15.3 Documents sent through a postal service provider are considered delivered on the third working day after their sending.

DISPUTE RESOLUTION

16.1 All disputes arising from the Agreement and in connection with it will be resolved by the contracting parties primarily by mutual agreement.

16.2 If agreement is not possible, disputes will be resolved by the materially and locally competent court in the Czech Republic.

FINAL PROVISIONS

17.1 These Terms become effective on the day of their publication on the Provider's website.

17.2 The Provider reserves the right to unilaterally change these Terms. The Provider is obliged to inform the Client of the change of the Terms at least 30 days before the effective date of the change.

17.3 In the event that the Client does not agree with the change of the Terms, they have the right to terminate the Agreement within 14 days from the notification of the change of the Terms. The notice period in such a case is 1 month and begins on the first day of the calendar month following the delivery of the notice to the Provider. In such a case, the provisions of Articles 6.4 and 6.5 of these Terms apply accordingly, depending on whether the Client is interested in acquiring ownership rights to the website.

17.4 If the Client does not terminate the Agreement according to the previous point, it is considered that they agree with the change of the Terms.

17.5 Legal relationships not expressly regulated by these Terms or the Agreement are governed by the relevant provisions of Act No. 89/2012 Coll., the Civil Code, as amended, and other legal regulations of the Czech Republic.

17.6 If any provision of these Terms is or becomes invalid or ineffective, instead of such provision, a provision whose meaning is as close as possible to the invalid provision will be used. The invalidity or ineffectiveness of one provision does not affect the validity of the other provisions.

17.7 All annexes and amendments to these Terms form an integral part of them.

17.8 These Terms are drawn up in the Czech language. In case of a discrepancy between the Czech version and any translation, the Czech version prevails.

17.9 The Client declares that they have read these Terms, fully understood their content, and agree with them.

CONSENT TO REFERENCES

18.1 The Client agrees that the Provider may present the website created for the Client as a reference of their work in their portfolios, on their website, in presentations, and in other promotional materials.

18.2 The consent according to the previous point also includes the right of the Provider to publish the Client's name, the Client's logo, a preview of the website created for the Client, and a brief description of the implemented project.

18.3 The Provider undertakes that when using the reference, they will not publish any confidential information of the Client.

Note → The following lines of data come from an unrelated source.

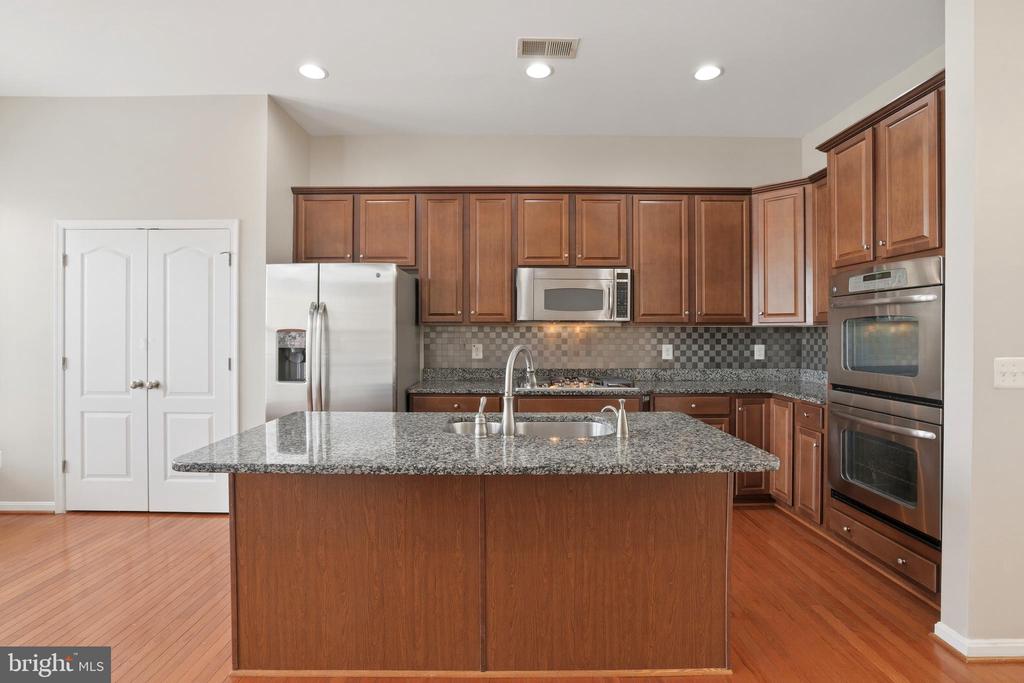 22660 AMBERJACK SQUARE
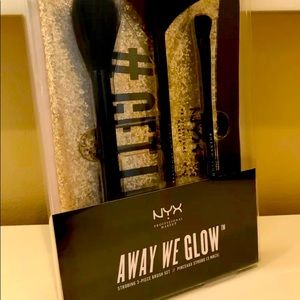 NYX Away We Glow 3 piece brush set with Makeup Bag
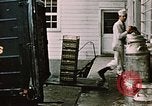 Image Alaskan hommes Alaska USA, 1954, de la seconde 17 séquences d'archives historiques vidéo 65675034932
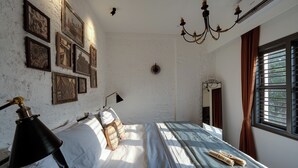 Superior Apartment, Patio, City View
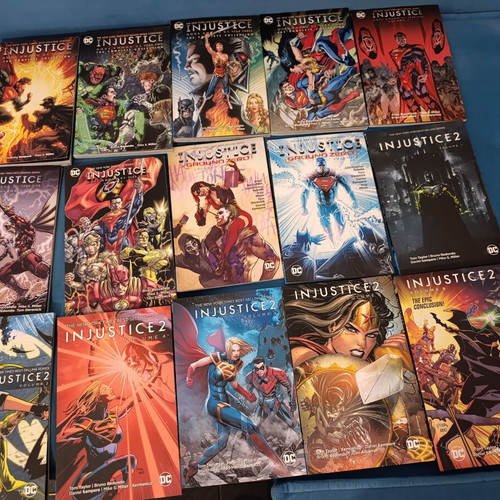 Complete collection of 15 volumes of Injustice DC comics in English in excellent condition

18.4 The Client may revoke the consent to the use of the reference at any time by written notice sent to the Provider. The Provider is in such a case obliged to stop using the reference without undue delay, but no later than 30 days from the receipt of the revocation of consent. The revocation of consent does not apply to already distributed promotional materials.

FORCE MAJEURE

19.1 The contracting parties are not responsible for delays in fulfilling their obligations if this delay is caused by circumstances excluding liability (hereinafter referred to as "force majeure").

19.2 Force majeure includes, in particular, natural disasters, war conflicts, terrorist attacks, civil unrest, legislative changes, official prohibitions and restrictions, cyber attacks, and other extraordinary circumstances that the contracting parties could not foresee or prevent.

19.3 The contracting party that invokes force majeure is obliged to inform the other contracting party without undue delay about the occurrence of the force majeure circumstance and the expected duration of its duration.

19.4 During the duration of the force majeure circumstance, the effectiveness of the Agreement is suspended and the contracting parties are not obliged to fulfill their obligations from the Agreement. The duration of the Agreement is extended by the duration of the force majeure circumstance.

19.5 If the force majeure circumstance lasts longer than 60 days, either of the contracting parties is entitled to withdraw from the Agreement.